I didn't say anything.

"I went in, and you weren't there." Haymitch took two steps closer to me, and the closer he got the more details I could see. He had stubble lining his broad jaw and his eyes were an unnatural wide for a reason that I couldn't figure out. I stood my ground, not because I have courage but more because I have no room to step back. Again, I said nothing and just waited.

"You left the door propped open, so I figured you were here." Haymitch said, and waited for me to say anything but I couldn't bring myself to open my mouth to say anything about what I knew he was trying to get me to talk about. I just couldn't do it, not until he did first. Haymitch of course realized this because he stepped forward and kept going until he was directly in front of me with only two or three inches of open air separating us. I had to crane my head to meet his eyes. My fists curled and uncurled in waiting horror.

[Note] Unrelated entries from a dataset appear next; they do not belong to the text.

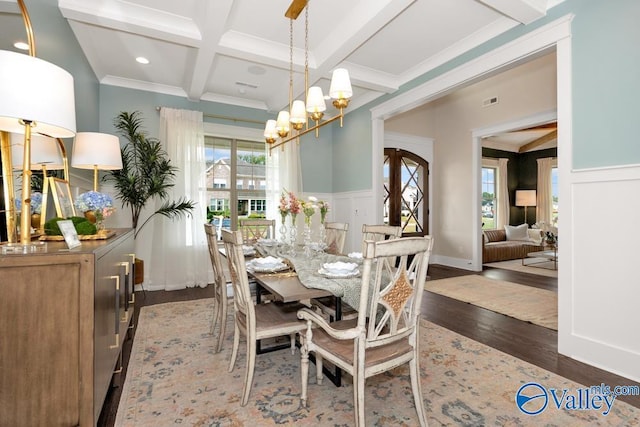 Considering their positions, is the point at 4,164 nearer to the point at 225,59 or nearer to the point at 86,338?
the point at 86,338

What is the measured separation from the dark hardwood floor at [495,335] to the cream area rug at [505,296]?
175 millimetres

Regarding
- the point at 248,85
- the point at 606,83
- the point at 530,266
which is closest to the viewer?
the point at 606,83

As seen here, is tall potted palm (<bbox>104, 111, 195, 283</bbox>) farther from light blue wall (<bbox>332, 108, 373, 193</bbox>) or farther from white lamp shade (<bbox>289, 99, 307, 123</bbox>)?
light blue wall (<bbox>332, 108, 373, 193</bbox>)

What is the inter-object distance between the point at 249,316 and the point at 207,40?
2.78 m

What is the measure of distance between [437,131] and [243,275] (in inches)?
240

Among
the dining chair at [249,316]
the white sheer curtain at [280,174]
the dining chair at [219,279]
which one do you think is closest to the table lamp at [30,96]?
the dining chair at [249,316]

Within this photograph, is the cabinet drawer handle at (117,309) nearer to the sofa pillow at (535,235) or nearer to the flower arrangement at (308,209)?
the flower arrangement at (308,209)

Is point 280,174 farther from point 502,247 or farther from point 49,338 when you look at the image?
point 502,247

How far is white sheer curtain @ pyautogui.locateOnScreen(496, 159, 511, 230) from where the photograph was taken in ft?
29.9

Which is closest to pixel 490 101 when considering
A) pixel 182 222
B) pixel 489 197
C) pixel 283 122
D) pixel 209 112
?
pixel 489 197

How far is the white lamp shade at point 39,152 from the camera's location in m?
1.63

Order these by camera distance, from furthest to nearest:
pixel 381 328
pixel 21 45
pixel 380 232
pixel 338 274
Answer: pixel 380 232 < pixel 338 274 < pixel 21 45 < pixel 381 328

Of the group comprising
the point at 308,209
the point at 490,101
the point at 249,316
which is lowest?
the point at 249,316

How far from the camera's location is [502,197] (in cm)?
917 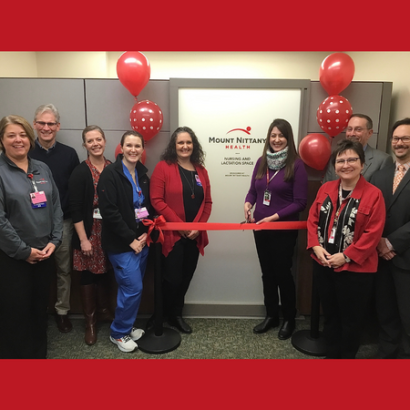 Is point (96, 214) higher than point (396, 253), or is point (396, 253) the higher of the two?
point (96, 214)

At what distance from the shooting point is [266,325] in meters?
2.87

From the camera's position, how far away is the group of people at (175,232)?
2.00 meters

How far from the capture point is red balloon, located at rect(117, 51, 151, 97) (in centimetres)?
257

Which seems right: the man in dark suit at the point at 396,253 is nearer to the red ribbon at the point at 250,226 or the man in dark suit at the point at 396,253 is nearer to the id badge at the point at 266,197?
the red ribbon at the point at 250,226

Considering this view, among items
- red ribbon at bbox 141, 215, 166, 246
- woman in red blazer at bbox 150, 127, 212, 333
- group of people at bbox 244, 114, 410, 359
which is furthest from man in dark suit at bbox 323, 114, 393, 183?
red ribbon at bbox 141, 215, 166, 246

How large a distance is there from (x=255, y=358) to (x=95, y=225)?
1694 mm

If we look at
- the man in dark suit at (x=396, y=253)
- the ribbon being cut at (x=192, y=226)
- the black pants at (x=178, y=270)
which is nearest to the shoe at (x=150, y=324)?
the black pants at (x=178, y=270)

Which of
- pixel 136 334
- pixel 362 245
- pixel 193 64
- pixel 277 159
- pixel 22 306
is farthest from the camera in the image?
pixel 193 64

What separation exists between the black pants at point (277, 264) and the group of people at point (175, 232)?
1 centimetres

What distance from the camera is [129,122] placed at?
2877 mm

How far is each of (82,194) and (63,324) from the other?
4.31ft

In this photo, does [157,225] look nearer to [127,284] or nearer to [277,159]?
[127,284]

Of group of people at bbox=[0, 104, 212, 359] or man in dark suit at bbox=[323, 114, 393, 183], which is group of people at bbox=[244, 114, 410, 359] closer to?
man in dark suit at bbox=[323, 114, 393, 183]

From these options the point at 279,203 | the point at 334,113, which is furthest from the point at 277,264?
the point at 334,113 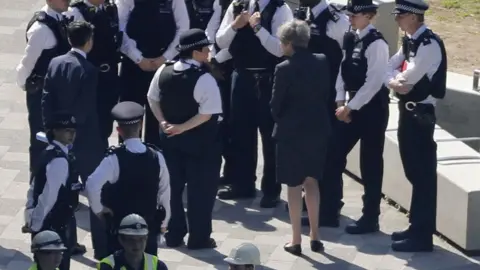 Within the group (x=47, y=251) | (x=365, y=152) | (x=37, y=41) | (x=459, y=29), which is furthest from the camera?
(x=459, y=29)

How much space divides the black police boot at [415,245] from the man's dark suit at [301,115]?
0.91 m

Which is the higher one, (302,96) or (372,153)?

"Did you mean it?" He whispered to me so soft that I could barely hear it. I sucked in a shaky breath that rattled my lungs it was so deep. I opened my mouth to answer with something but nothing would come out. Nothing but air and hope left my body. His face screwed up in an emotion that I couldn't decide if it was anger or desperation. "Katfir, tell me." He ordered and I watched his eyes dilated.

"Yes," I blurted out in one go. "I meant it." I said and I shuffled back as far as I could go, until the back of my knees were pressed against the ledge that had previously been a place of good memories. Haymitch's face went blank, just like during the interview. I winced and glanced at the door. What was the likely hood that I could make it there before Haymitch's grabbed me? Not good. So I went with the only other thing my body could do, I rambled.

"I'm sorry that I said in front of a crowd of people but I'm a coward and I-I wanted you to know before…" I shuttered. "And I knew I would get a good response from the people. I understand that you don't feel the same, I'm younger then you I know and there's no reason for you to like me because I'm horrible. I'll probably die tomorrow anyways, so what's the use in telling me that you don't love me. Let's just act like it never happened and everything will go back to normal and neither of us will experience any kind of discomfort. It's a great way to just put it-" And then something amazing, excellent, speechless-inducing happened.

Haymitch wove his large arms around me and tugged me to him so that every curve of his body met mine like pieces to a puzzle that were made to fit together and never come apart. I shut my mouth but it didn't prepare me for when he ducked his head and pressed his gorgeous lips, which I had fantasized about for years, against my own and kissed me.

My mind was blank, I couldn't think of anything at all during this magnificent and life changing moment, but my lips were not frozen. They managed, in my brains absence, to move against Haymitch's and kiss him back completely and without hesitation. I did hesitate on running my hands up to tangle them in his hair but my reward for my daring was Haymitch taking his hands off of my waist and placing them on my ass to lift me up to fit so well to him that I felt like a puddle that had met another one, just to make a larger more colorful and awe inducing pond.

A puddle of goo is more what I felt like. Just the sensation of Haymitch all around me started a kind of heat inside of me that I'd felt so rarely, and so deeply. I ran on instinct as I drug both of my legs up his and wrapped them neatly around his waist and dug my hand deeper in to Haymitch's hair, while the other dropped to his cheek as something wet and very wanted ran along my lips. I opened my mouth and Haymitch's tongue swopped in to ravage my mouth. The feeling was indescribable except it made the heat that was flooding through my body pool in my female area.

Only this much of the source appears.